The result, Nothing Can Take You From the Hand of God—a solo play written by Tullock with Frank Winters and directed by Jared Mezzocchi—deals with memory, those we leave behind and the things that stay with us. Tullock, one of the stars of the Emmy-winning Apple+ TV series Severance, plays all 11 characters in Playwrights Horizons’ off-Broadway production, notably Frances Reinhardt, a writer on a book tour whose experiences with Christianity are inspired by some of the things Tullock encountered.

“Her first book was a huge success and she’s really built a reputation on being a searing adversary to modern Christianity,” says Tullock. Initially, Frances seems in control of her story, “so the version of the characters we see early in the piece is through Frances’s point of view, until a certain chain of events occurs and she starts to lose control of that narrative.”

In the play, Frances ventures back to her childhood home, where she’s confronted with people whose memories of the past differ from hers—including those of her mother, Raelynn, and of a once-close friend, Agnieszka, now the mother of a young son. (Tullock portrays all three.)

“What the play is trying to examine is people hurting people,” she says. “What it also does is ask, ‘What happens when a traumatized person takes the story they’ve married themselves to in order to survive and uses it to manipulate other people?’”

Cameras are integral to the storytelling—the production uses seven, four of which are small Blackmagic cameras that Tullock operates manually—but she cautions theatergoers not to draw comparisons to Sarah Snook’s recent Broadway hit The Picture of Dorian Gray, another solo show that employed video. “Their use of cameras supported the thesis of that story, which is about opulence and vanity,” Tullock says. “The cameras, in my estimation, intentionally formed a voyeuristic ring around the performer.”

PH Hand Of God Baranova 7836
Jen Tullock in Nothing Can Take You From the Hand of God
(© Maria Baranova)

In Nothing Can Take You From the Hand of God, it’s “the exact opposite,” she says. “We’re watching one body onstage control the technology herself, and it is less about voyeurism and more about watching someone try and control the story until she can’t anymore. We get to see a tight and well-functioning, well-oiled machine fall apart.”

Also integral to the story is Tullock’s own life.

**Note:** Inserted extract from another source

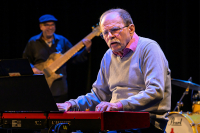 Jaroslav Uhlíř: Hodina zpívání s kapelou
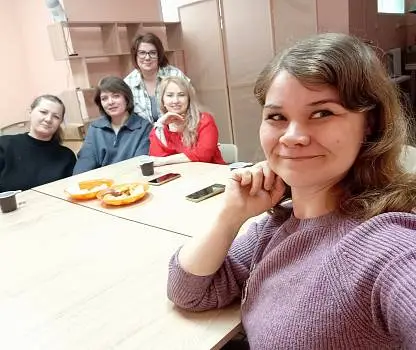 Встреча №9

Growing up in Louisville, Kentucky, she attended an evangelical school and a megachurch that had very particular views of who she should be. “My primary and only education was through a Christian lens,” she says. “I was taught that my sole purpose in life was either to further God’s message on Earth or to be a housewife.”

Needless to say Tullock has broken free from that ideology, but in telling her story she wants to make sure she doesn’t hurt her family. “I have a lot of love for my family and the reasons that they chose that community and that faith system,” she says. “They’re not the choices I would make for myself, but as I’ve gotten older, I’ve come to have a lot more empathy and understanding around the fact that we are very different people.”

That’s not to say that she isn’t critical of the damage a dogmatic Christian upbringing can cause.

“Our play really holds the church’s feet to the fire,” Tullock says. But her view isn’t as black-and-white as it once was. “I was really comfortable with the narrative I had married myself to for many decades, which is, they are harmful and I was harmed. And while those things are still in many contexts true for me, I also am interested in looking at my own pain of my upbringing with this slightly more detailed lens. Pun intended.”